El sol se alzaba un palmo sobre el horizonte, y estaba precipitándose velozmente hacia la línea ondulada donde la falda de la montaña descendía hacia el fondo del valle. Incluso en pleno verano, daba la impresión de que los días concluían así, en una especie de zambullida. Peter se protegió los ojos del resplandor. En algún lugar (pasado el cortafuegos, con su revoltijo de árboles caídos, los pastos del Campo de Arriba, el vertedero, con su pozo y pilas de escombros, y más allá las colinas boscosas) se alzaban las ruinas de Los Ángeles, y todavía más allá, el mar inimaginable. Cuando Peter era pequeño y vivía todavía en el Asilo, había descubierto su existencia en la biblioteca. Aunque hacía mucho tiempo habían decidido que casi todos los libros abandonados por los Constructores carecían en su mayoría de valor, y podían provocar confusión en los Pequeños, que no debían saber nada de los virales ni de lo que había acaecido en el mundo del Tiempo de Antes, permitieron que algunos se quedaran. A veces, Profesora les leía historias sobre niños, hadas y animales parlantes que vivían en un bosque detrás de las puertas de un armario, o les dejaban escoger un libro, mirar las ilustraciones y aprender a leer.
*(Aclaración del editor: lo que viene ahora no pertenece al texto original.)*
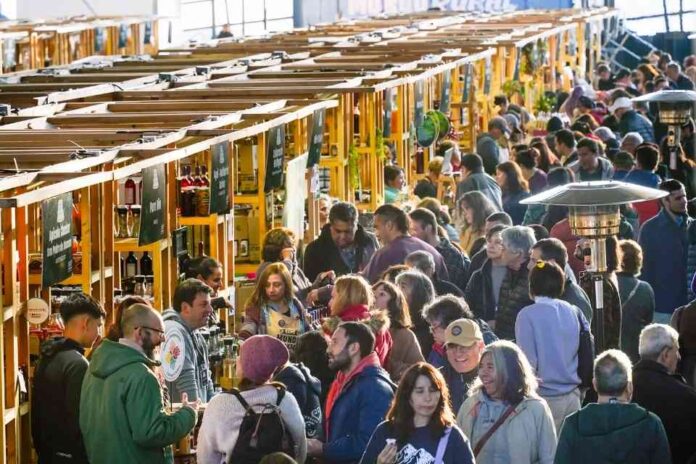 ExpoMundoRural INDAP 25° ExpoMundoRural del 23 al 26 de octubre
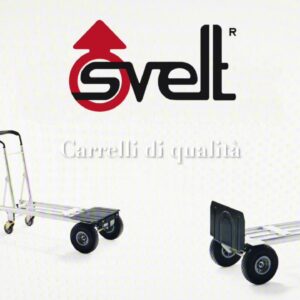 CARRELLO DXWT200 "SVELT"
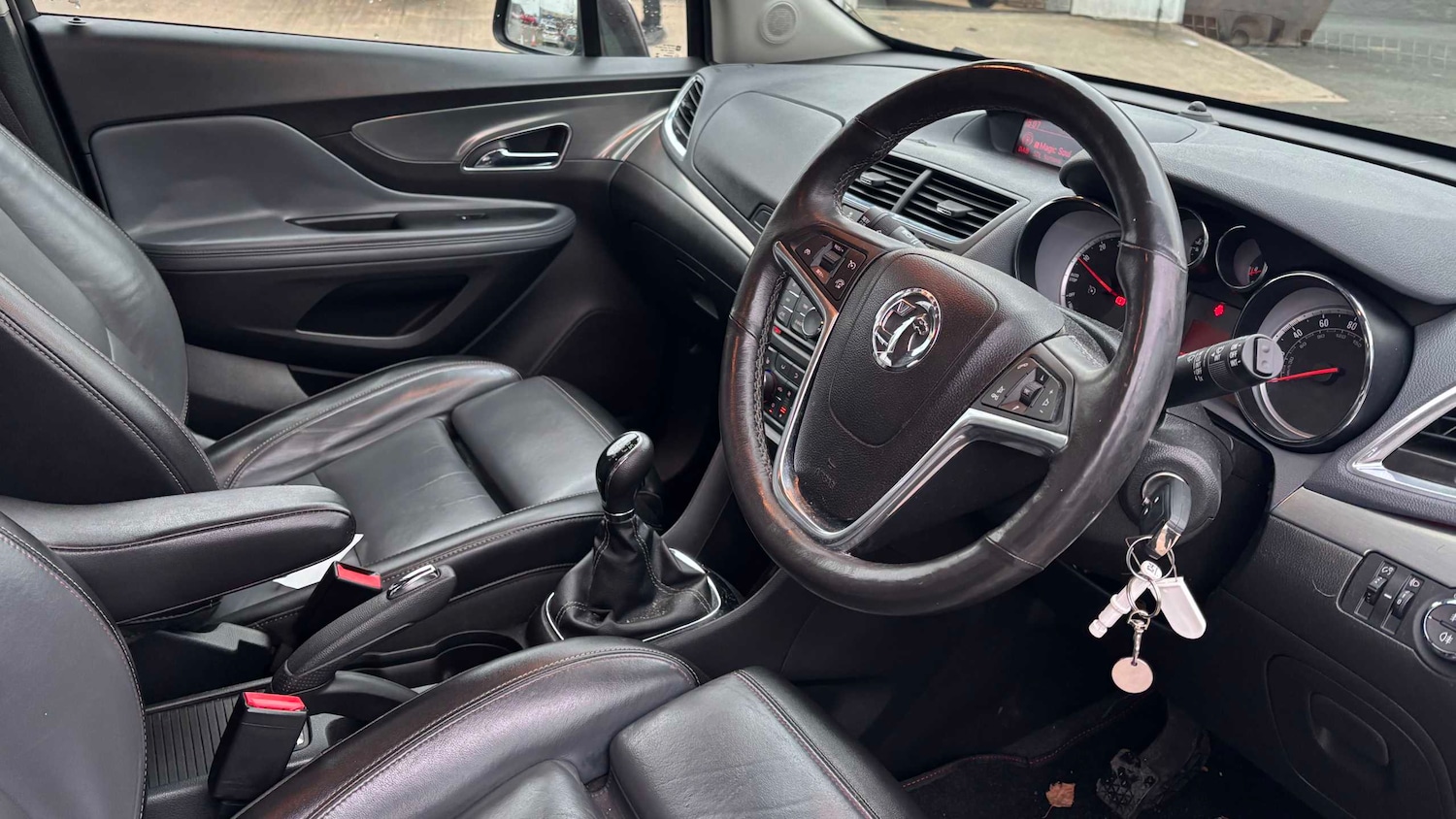 Used Vauxhall Mokka 2014 for sale - 77068542: Photo 6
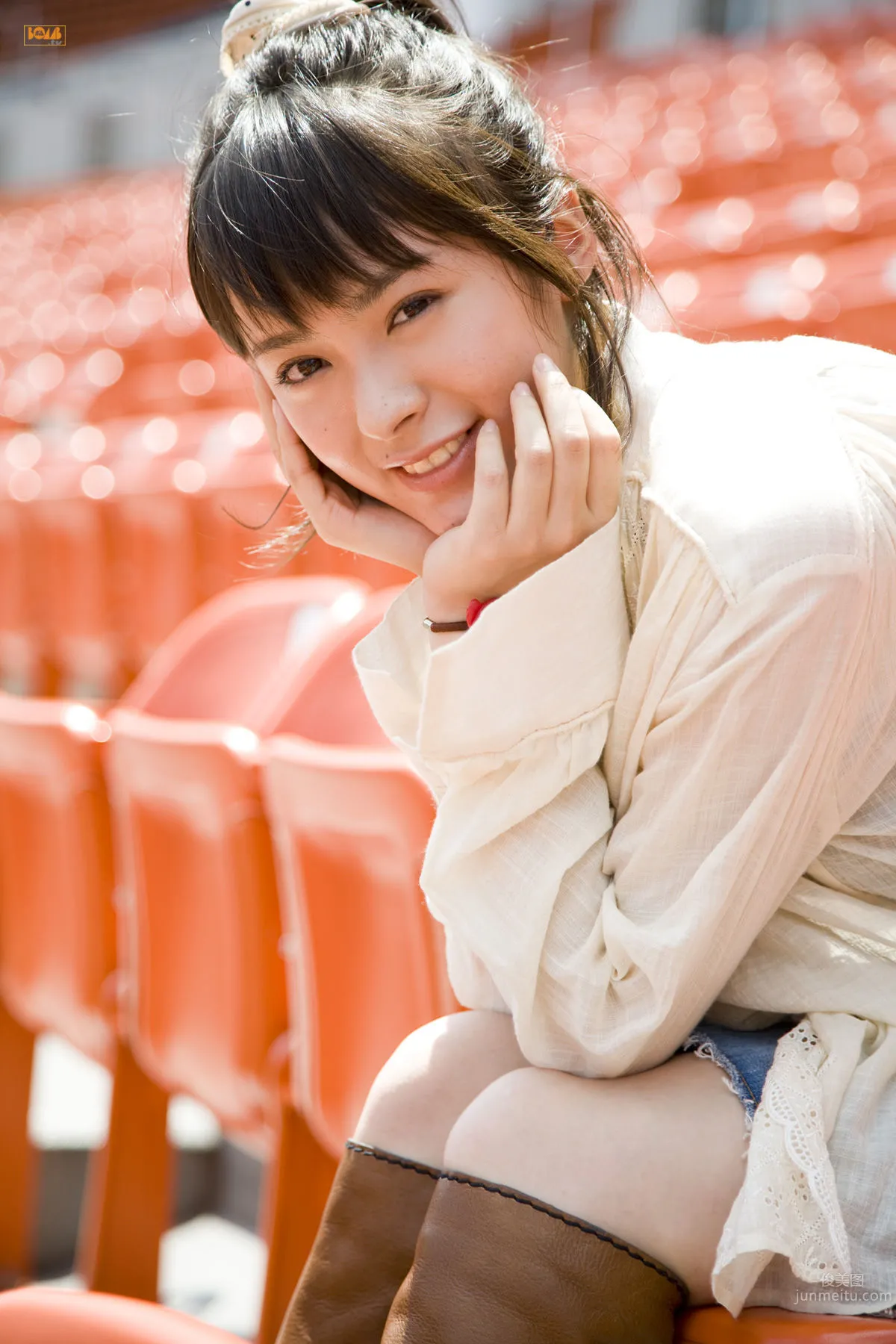 Shihori Kanjiya, [Bomb.TV] Set 2008-03 photo 19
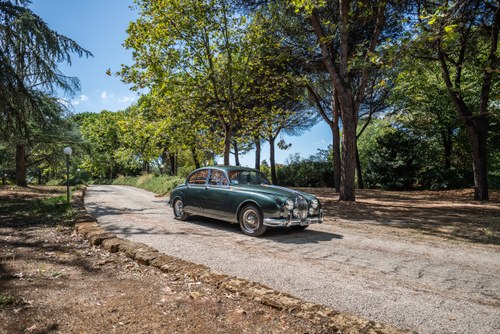 1967 Jaguar MK2 3.4 For Sale (picture 5 of 88)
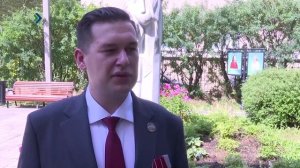 В Сыктывкаре почтили память детей, погибших в результате вооружённого конфликта в Донбассе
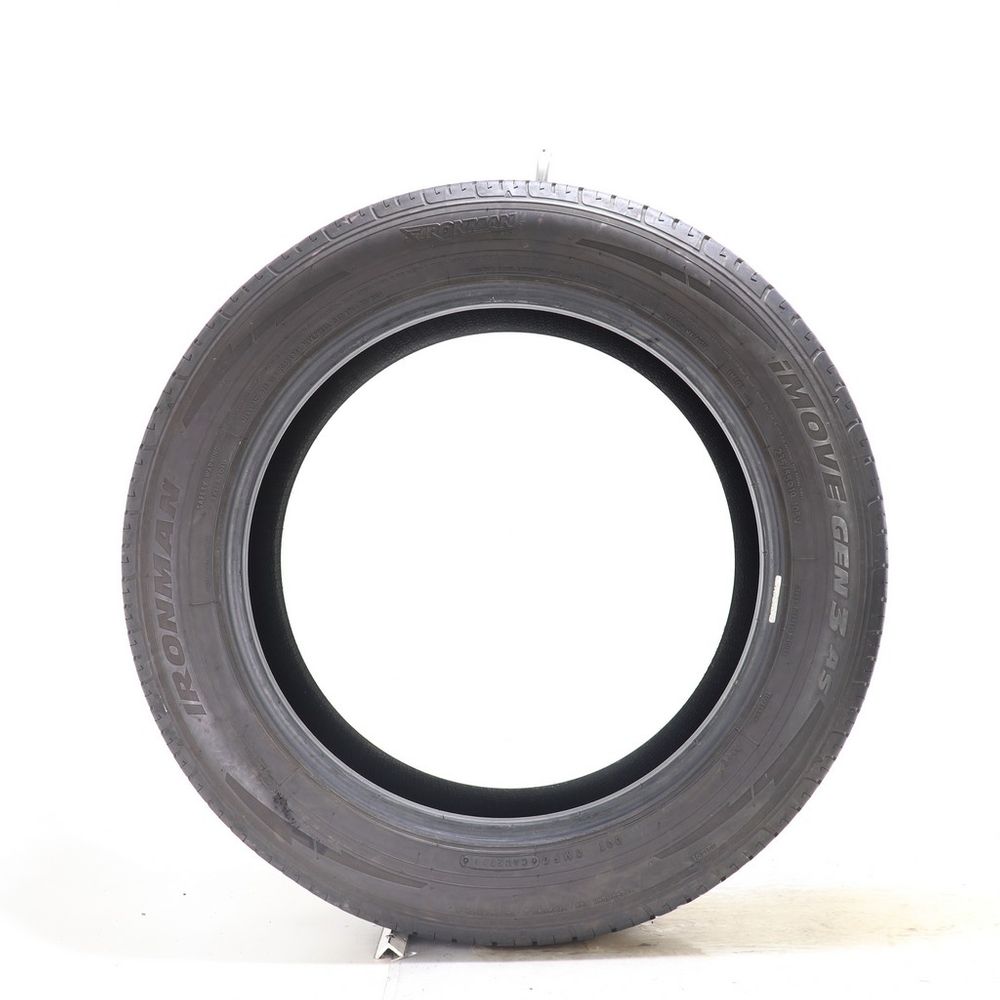 Set of (4) Used 235/55R19 Ironman IMove Gen 3 AS 105V - 8-9.5/32 - Image 6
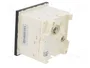 LUMEL EA17N Amperímetro de panel para corriente AC 0-5A True RMS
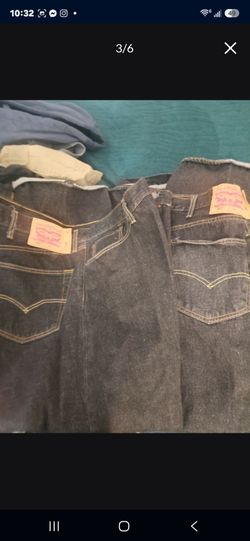 501 Levi's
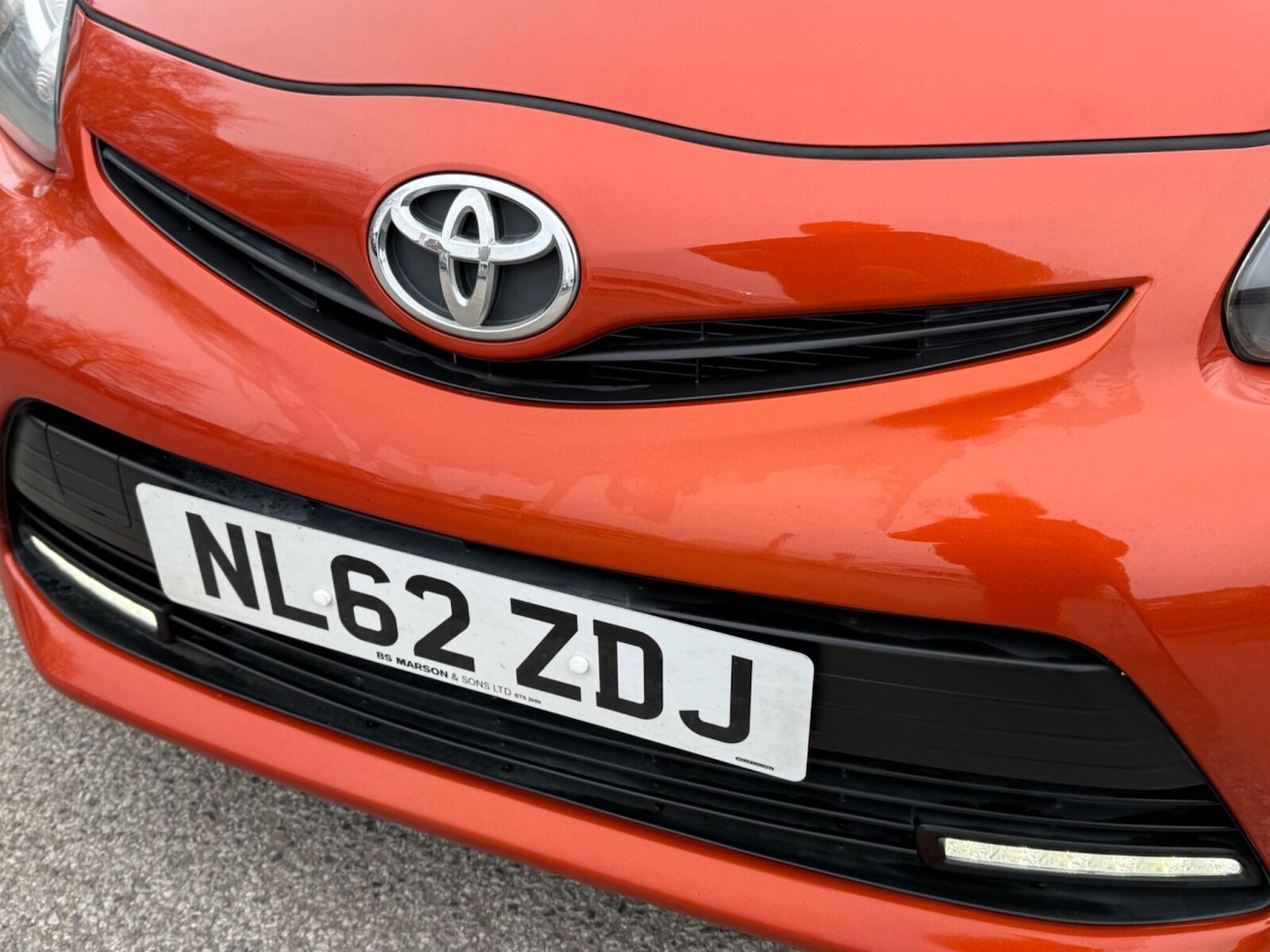 Used Toyota AYGO 2012 for sale - 78022332: Photo 39
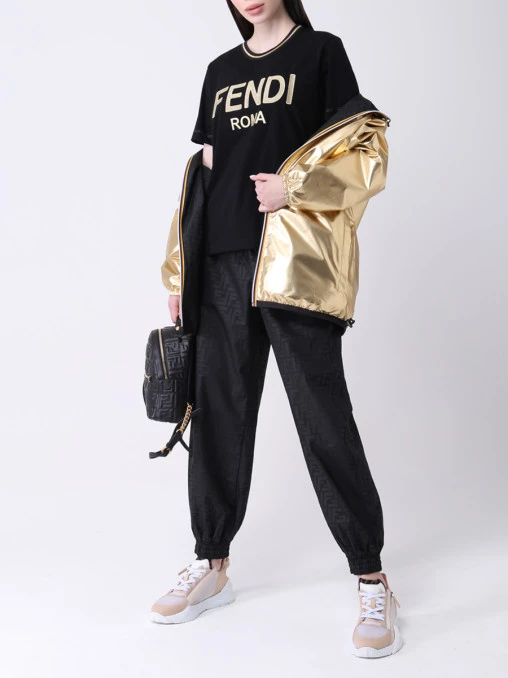 Ветровка двусторонняя FENDI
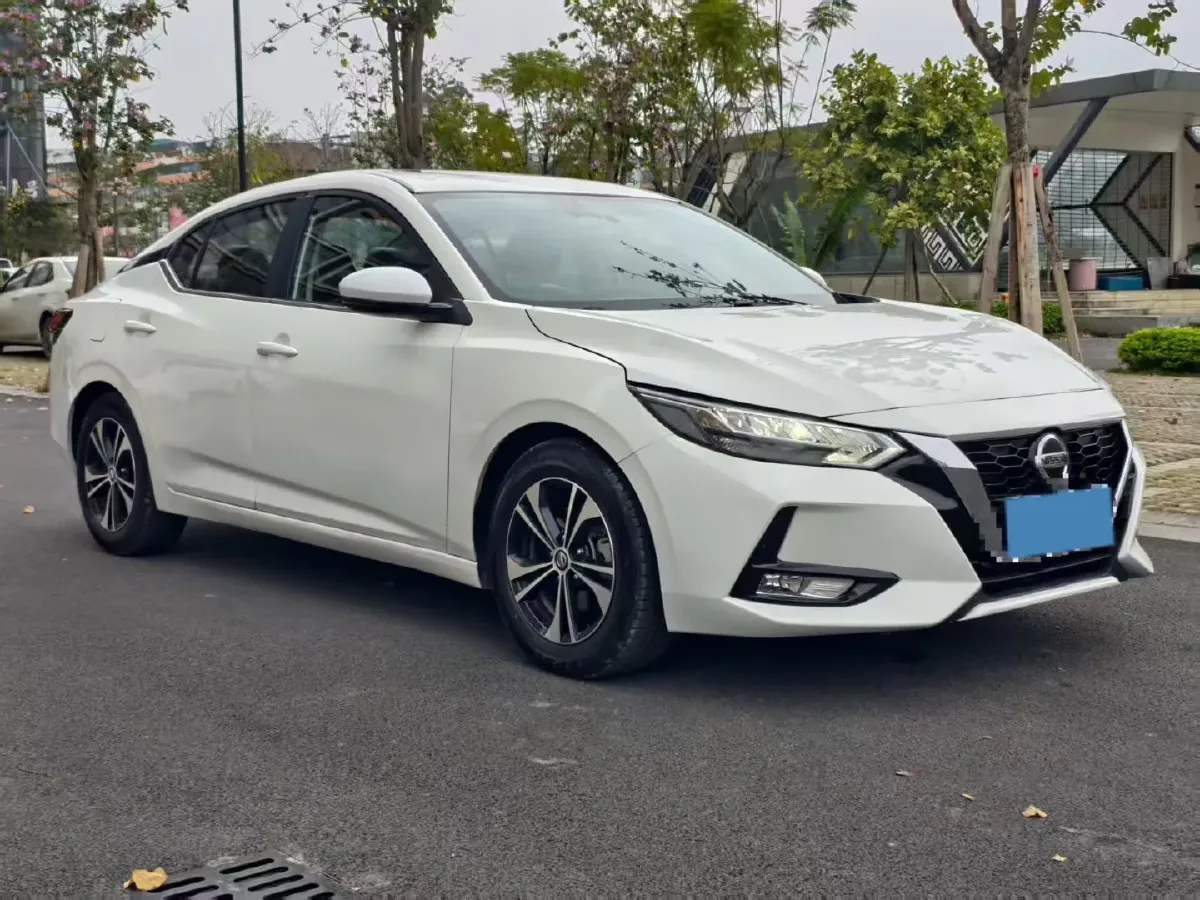 2020 Nissan Sylphy 1.6L 139HP L4 CVT,autocango,china used car exporter,china ev exporter,chinese used car exporter,chinese used ev exporter
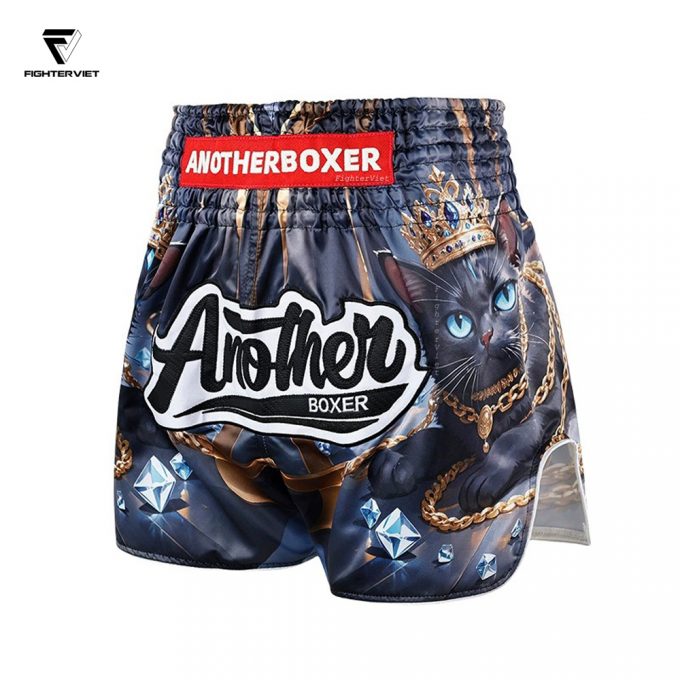 Quần Muay Thai Another Boxer - King of Cat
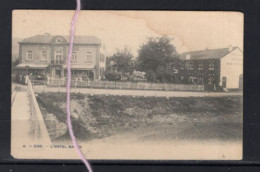 Delcampe - LIEGE COO STAVELOT HOTEL BARON - Stavelot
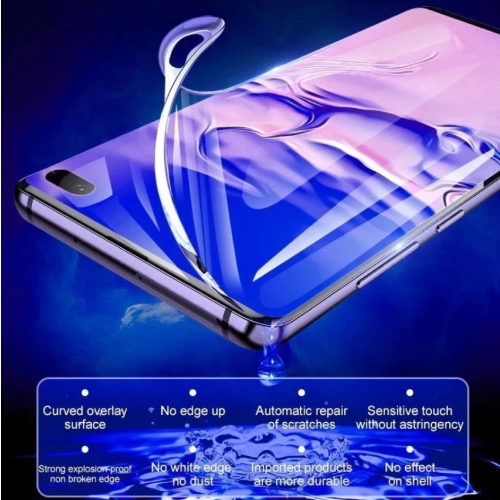 Hydrogel-Displayschutz Transparent  HUAWEI P30 Pro 1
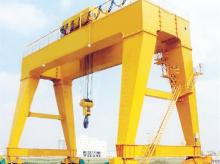 起重机厂家案例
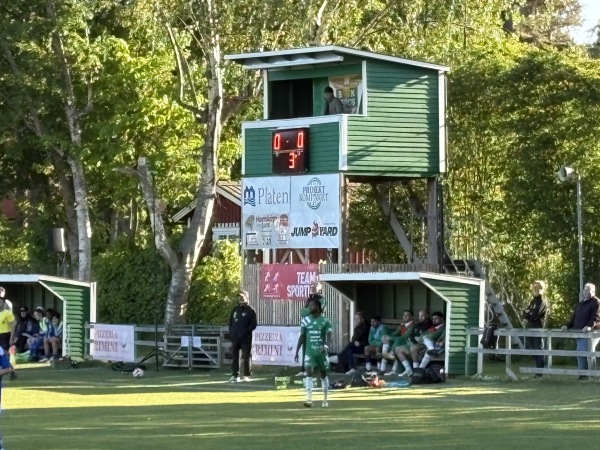 Z-Parken - Motala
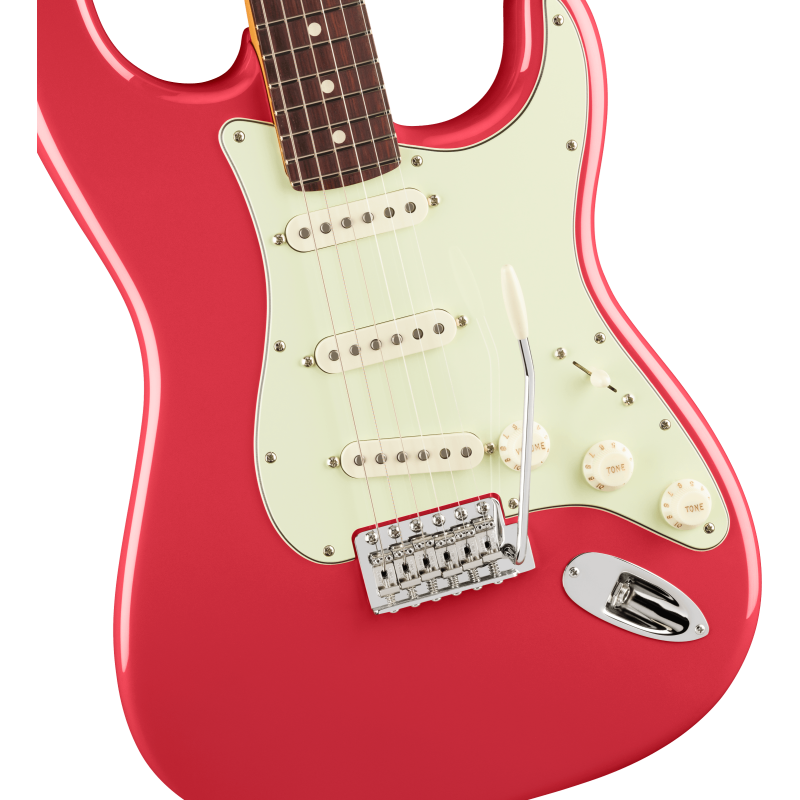 0114940375 Fender American Pro Classic Stratocaster FDKR Guitarra Eléctrica
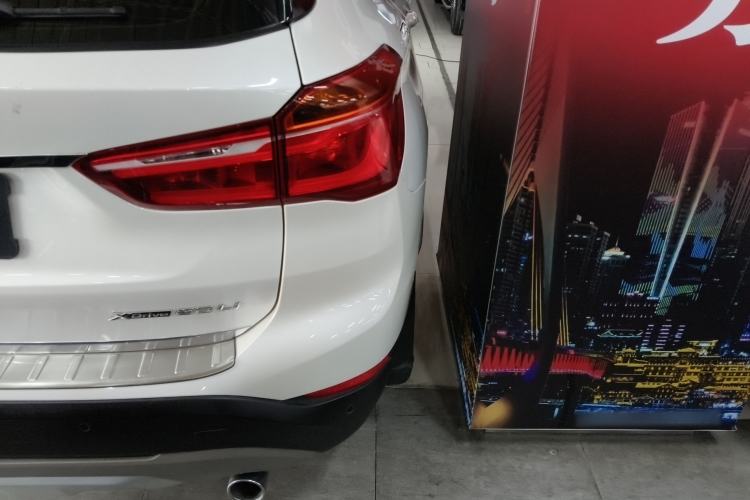 Used BMW X1 2019 xDrive20Li Luxury Model Right Rear Taillight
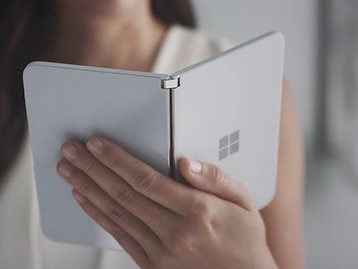Microsoft atualizará o primeiro Surface Duo com Android 11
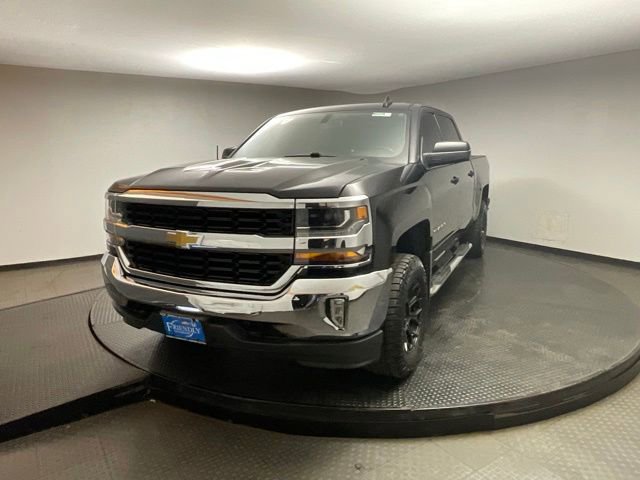 Certified 2017 Chevrolet Silverado 1500 LT w/ All Star Edition AWD/4WD image 3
Los océanos que nos rodean
era el libro favorito de Peter, el que siempre elegía. Era un volumen descolorido, cuyas páginas olían a humedad y eran frías al tacto, la cubierta agrietada sujeta por fragmentos de celo amarillento arrollado. En la portada estaba el nombre del autor, Ed Time Life, y dentro, página tras página de imágenes maravillosas, fotos y mapas. Un mapa se llamaba El Mundo, que era todo, y casi todo el Mundo era agua. Peter pidió a Profesora que lo ayudara a leer los nombres: Atlántico, Pacífico, Índico y Ártico. Se sentaba hora tras hora sobre su esterilla de la Sala Grande, con el libro acunado sobre el regazo, pasaba las páginas, con la vista clavada en aquellos espacios azules de los mapas. El Mundo, dedujo, era redondo, una gran bola de agua (una gota de rocío que surcaba los cielos), y toda el agua estaba comunicada. Las lluvias de primavera y las nieves de invierno, el agua que salía de las bombas, hasta las nubes que veían sobre sus cabezas, todo eso también formaba parte de los océanos. «¿Dónde está el océano?», preguntó Peter a Profesora un día. ¿Podría verlo alguna vez? Pero Profesora se limitó a reír, como hacía siempre que le formulaba demasiadas preguntas, y desechó sus preocupaciones con un movimiento de cabeza. «Puede que exista un océano y puede que no. Sólo es un libro, pequeño Peter. No te preocupes por océanos y esas cosas.»